Another nine months passed before he could finally utter an "ohhh" and he spent another year at a neuro-rehabilitation center near Dallas. His mother — a former dental hygienist and now full-time caregiver — trucks Zack about 500 miles per week for 30 to 40 hours of therapy — physical, occupational and speech.

He still has his struggles. The right side of his body drags, his speech is slow and slightly slurred and he struggles remembering in the short term.

"His short-term memory has been affected so much from his brain injury that ... it's very difficult to learn," Victor Lystedt said. "You have to get it to his long-term. Once you get locked into his long-term he's good to go."

Zack returned to school for the 2009-10 school year, attending one class per week at Tahoma. It was a way to get back into the social aspects of school without overwhelming his recovering brain. This year he's taken additional classes and spent longer hours at school around his rehabilitation — including being voted Homecoming king in the fall. A peer educator worked with him.

"I really liked Wednesdays," Lystedt said of his longest day spent at school.

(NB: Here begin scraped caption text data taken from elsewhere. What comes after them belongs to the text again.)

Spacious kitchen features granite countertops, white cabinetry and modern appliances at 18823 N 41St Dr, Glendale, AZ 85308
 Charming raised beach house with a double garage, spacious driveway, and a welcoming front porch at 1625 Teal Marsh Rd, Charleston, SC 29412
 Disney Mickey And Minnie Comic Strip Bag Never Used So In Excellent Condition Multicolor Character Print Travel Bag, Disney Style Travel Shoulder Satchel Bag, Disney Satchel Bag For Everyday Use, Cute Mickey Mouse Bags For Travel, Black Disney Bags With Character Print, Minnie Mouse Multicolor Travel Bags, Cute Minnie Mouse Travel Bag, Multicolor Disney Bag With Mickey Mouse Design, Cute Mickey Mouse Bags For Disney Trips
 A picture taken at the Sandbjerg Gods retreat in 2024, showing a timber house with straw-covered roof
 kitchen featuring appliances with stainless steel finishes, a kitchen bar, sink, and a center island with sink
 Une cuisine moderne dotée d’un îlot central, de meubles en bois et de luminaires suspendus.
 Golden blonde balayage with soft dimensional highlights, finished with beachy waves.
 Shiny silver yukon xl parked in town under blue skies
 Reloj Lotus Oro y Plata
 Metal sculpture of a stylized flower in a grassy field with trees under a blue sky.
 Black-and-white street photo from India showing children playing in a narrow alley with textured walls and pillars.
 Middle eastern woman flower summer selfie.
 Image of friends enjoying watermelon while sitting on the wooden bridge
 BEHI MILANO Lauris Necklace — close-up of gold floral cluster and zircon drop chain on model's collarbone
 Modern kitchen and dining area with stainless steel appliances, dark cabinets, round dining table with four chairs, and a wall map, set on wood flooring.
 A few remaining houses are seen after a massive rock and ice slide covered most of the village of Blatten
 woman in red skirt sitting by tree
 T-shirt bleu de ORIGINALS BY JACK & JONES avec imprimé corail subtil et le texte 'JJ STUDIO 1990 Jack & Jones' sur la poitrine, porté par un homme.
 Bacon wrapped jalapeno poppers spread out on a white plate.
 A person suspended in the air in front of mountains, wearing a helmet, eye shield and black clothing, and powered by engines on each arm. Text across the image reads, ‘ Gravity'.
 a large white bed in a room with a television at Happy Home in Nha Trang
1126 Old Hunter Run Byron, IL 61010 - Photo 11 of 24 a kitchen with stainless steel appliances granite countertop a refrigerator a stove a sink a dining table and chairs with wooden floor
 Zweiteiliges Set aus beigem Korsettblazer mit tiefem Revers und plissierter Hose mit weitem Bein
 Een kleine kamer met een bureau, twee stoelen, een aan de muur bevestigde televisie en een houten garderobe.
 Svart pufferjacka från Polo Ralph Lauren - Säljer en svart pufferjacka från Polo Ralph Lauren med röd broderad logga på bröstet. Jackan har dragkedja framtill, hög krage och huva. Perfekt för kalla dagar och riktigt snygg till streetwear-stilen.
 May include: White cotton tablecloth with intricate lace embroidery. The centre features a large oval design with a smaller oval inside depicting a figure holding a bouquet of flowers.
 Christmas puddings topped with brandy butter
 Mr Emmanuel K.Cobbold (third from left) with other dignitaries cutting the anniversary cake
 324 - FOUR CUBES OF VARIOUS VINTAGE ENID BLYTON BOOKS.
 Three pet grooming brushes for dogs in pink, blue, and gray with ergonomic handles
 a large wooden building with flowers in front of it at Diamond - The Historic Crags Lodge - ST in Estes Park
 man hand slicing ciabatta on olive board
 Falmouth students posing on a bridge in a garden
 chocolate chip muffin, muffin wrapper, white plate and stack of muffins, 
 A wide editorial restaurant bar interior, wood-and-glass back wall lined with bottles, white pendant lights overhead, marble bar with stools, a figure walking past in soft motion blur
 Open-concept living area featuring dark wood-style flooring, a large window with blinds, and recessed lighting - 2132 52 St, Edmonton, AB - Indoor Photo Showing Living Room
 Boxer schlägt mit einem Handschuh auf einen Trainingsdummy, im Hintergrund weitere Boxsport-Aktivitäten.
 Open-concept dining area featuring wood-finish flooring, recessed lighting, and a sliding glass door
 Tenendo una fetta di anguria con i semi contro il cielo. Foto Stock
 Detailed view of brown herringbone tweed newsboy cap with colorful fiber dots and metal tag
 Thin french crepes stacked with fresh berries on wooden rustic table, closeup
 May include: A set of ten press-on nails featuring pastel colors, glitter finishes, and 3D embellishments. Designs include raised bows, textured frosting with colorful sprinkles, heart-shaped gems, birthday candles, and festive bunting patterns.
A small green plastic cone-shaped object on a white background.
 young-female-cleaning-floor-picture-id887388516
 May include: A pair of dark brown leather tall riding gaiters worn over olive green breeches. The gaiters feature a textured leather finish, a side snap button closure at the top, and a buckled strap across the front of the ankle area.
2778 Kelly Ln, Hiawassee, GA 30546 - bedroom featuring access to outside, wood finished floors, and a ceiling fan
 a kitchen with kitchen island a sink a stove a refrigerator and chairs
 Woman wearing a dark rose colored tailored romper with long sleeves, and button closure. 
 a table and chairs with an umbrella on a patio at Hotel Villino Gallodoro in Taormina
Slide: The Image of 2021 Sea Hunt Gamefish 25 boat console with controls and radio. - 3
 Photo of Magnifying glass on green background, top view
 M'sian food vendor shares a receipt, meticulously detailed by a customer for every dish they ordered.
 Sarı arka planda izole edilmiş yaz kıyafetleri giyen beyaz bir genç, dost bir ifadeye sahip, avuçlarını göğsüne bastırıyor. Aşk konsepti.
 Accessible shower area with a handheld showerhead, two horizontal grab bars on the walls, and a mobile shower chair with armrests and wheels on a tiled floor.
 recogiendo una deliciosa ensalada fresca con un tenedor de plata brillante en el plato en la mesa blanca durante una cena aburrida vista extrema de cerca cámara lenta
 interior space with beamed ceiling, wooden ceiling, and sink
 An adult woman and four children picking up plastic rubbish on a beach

But while his school requirements have been altered, Lystedt completed two graduation requirements mandated by the state: he passed the Washington Assessment of Student Learning and completed a senior project based around public speaking. He plans to take a few classes at Bellevue College starting in the fall and will move into a new custom-built house that caters to the Lystedts' needs for caring for their son.

But first comes the challenge of Friday night. The goal all along was to be walking by graduation, but Goodell added a little more motivation, telling Lystedt he might have tickets for the 2012 Super Bowl — lockout pending — waiting for him if he was running by the end of the NFL season.

Running might still be a ways off, but Lystedt has gone nearly 200 steps at one time with his cane and can walk the length of the Lystedts' garage without assistance; his dad there ready to help if he stumbles.

Only in the last year have Victor and Zack become interested in football again. His relationship with Goodell and the NFL's interest in promoting the Lystedt Law have softened some of the initial resentment.

Goodell and the league sent a customized ball that read:

"Most Inspirational Player on Any Team. With Great Admiration, Roger Goodell and the NFL."

"He is really, really nice. A really, really good person," Zack said of Goodell. "You can tell he really cares."